Designing to Forget: Deep Semi-parametric Models for Unlearning¶

Conference: CVPR 2026 arXiv: 2603.22870 Code: github.com/amberyzheng/spm_unlearning Area: Others (Machine Unlearning / AI Safety) Keywords: machine unlearning, semi-parametric models, test-time deletion, data privacy, diffusion models

TL;DR¶

This paper proposes the "Designing to Forget" paradigm and introduces a family of deep semi-parametric models (SPMs) that achieve unlearning at inference time by simply removing training samples—without modifying model parameters.
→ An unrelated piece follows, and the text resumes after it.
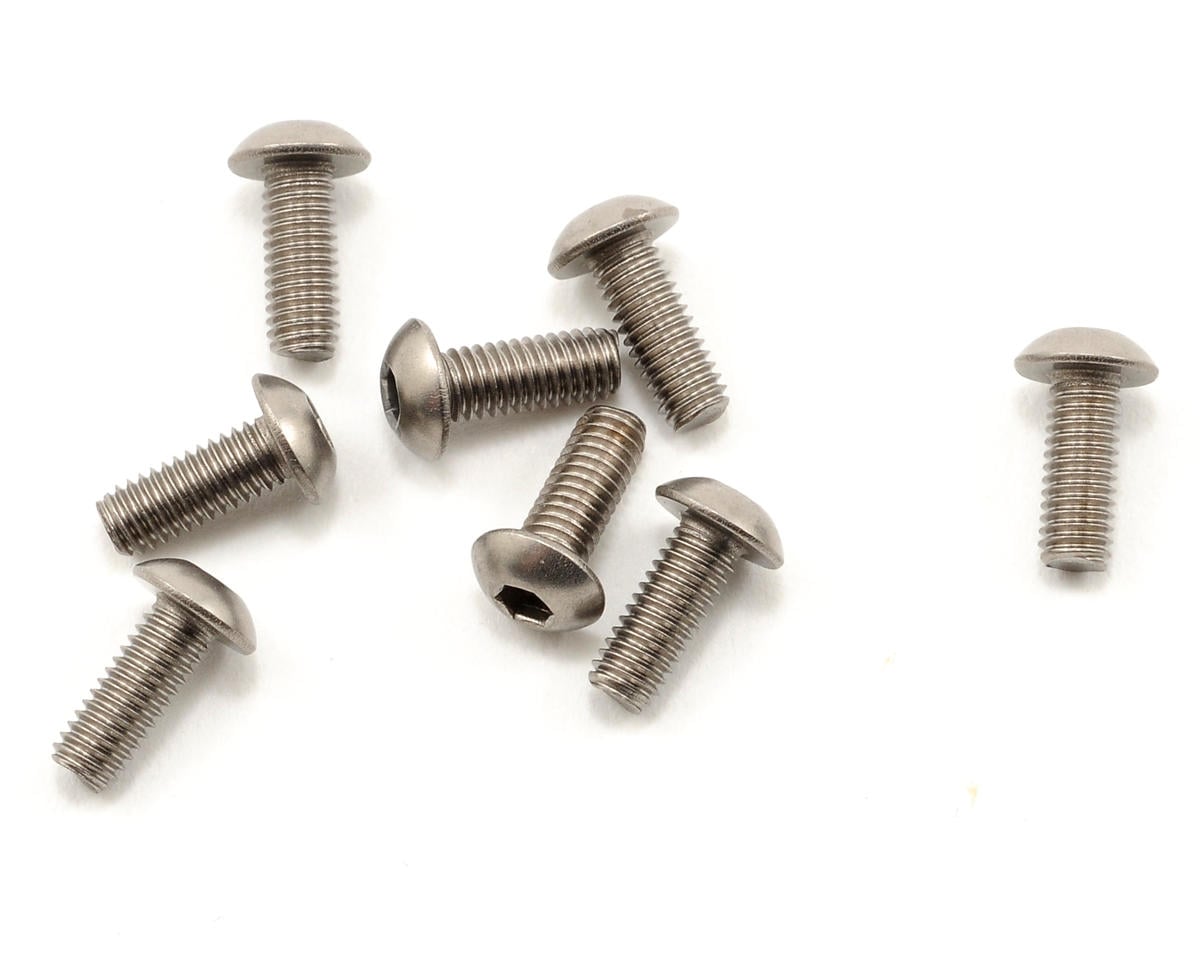 Kyosho 3x8mm Titanium Button Head Screw (8)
On ImageNet classification, SPMs reduce the prediction gap relative to the retrain baseline by 11% and achieve over 10× faster unlearning.

Background & Motivation¶

Background: Machine unlearning (MU) is driven by privacy regulations such as GDPR, which require removing the influence of specific samples from trained models. Existing methods primarily approximate the effect of "never having trained on that data" by fine-tuning model parameters.
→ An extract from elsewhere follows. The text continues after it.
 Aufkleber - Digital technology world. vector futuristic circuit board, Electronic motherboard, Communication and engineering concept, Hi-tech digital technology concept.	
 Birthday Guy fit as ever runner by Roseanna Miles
Limitations of Prior Work: The black-box nature of deep learning makes it difficult to disentangle the contribution of individual training samples to model parameters; existing MU algorithms require additional fine-tuning steps, incurring significant overhead in frequent-unlearning scenarios.

Key Challenge: Parametric models compress all training data into parameters, making unlearning necessarily parameter-modifying; non-parametric models (e.g., KNN) support deletion natively but lack sufficient performance.
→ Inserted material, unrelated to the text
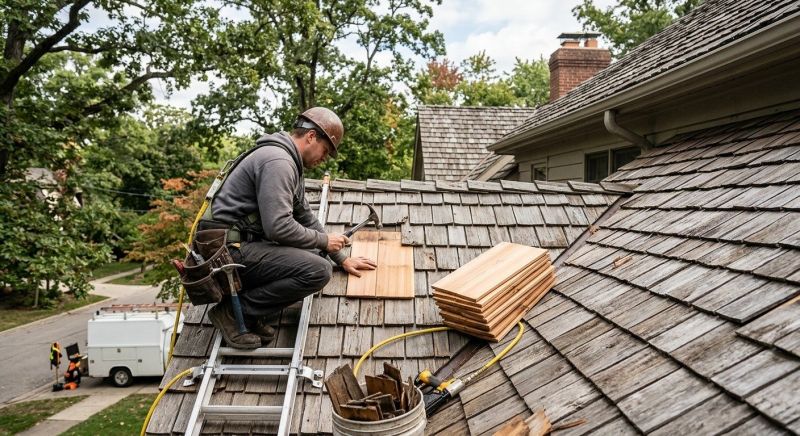 Cedar Shake Roof Repair in Garrison, NY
Goal: To design a neural network architecture that is inherently suited for unlearning, rather than designing unlearning algorithms for existing architectures.

Key Insight: Drawing from the "delete-to-forget" property of KNN, the paper designs semi-parametric models that simultaneously achieve the performance of parametric models and the unlearning convenience of non-parametric models.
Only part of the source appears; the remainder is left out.